Kozhikode (Kerala): Accusing opposition parties for propagating a “distorted definition” of secularism, Prime Minister Narendra Modi on Sunday invoked Jan Sangh ideologue Deendayal Upadhyaya to say that Muslims should not be treated as mere tools to garner votes nor neglected but should be treated as “own”.
Addressing the National Council meet, he vowed his commitment to his call for “Sabka Saath, Sabka Vikas” and also pitched for electoral reforms by advocating simultaneous elections of the Lok Sabha and the state assemblies.
“At a time when ‘vikrat paribhasha (distorted definition)’ of secularism is being propagated in the country and even patriotism is cursed, what should be the way to see towards Muslims?” Modi asked and recalled that long back, Upadhyaya, founding father of the Jan Sangh — the predecessor of the BJP — had said that Muslims should not be mere tools to garner votes nor neglected.

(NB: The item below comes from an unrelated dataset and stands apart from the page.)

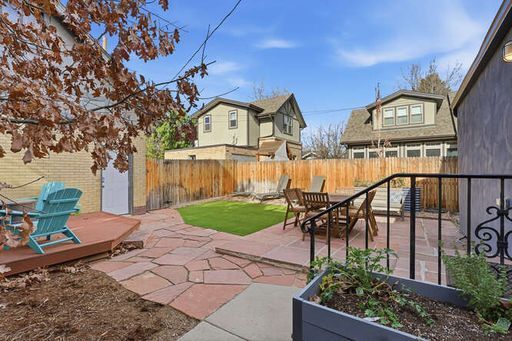 Building Photo - Beautiful 3 Bedroom Craftsman Bungalow Furnished or Unfurnished Available NOW!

“Don’t reward nor rebuke Muslims but refine them. They are not items of vote market nor are they substance of hate. Treat them as your own,” Modi quoted Upadhyaya as saying.
“It is in this context, we have launched our developmental programmes based on the spirit of Sabka Saath, Sabka Vikas,” Modi said, adding this was not a mere slogan for his government but a commitment.
“When we talk of this idea, we talk about the last man standing in the queue… we need to empower them socially and economically. The union government is moving ahead with the vision and will now much be focussed towards it.”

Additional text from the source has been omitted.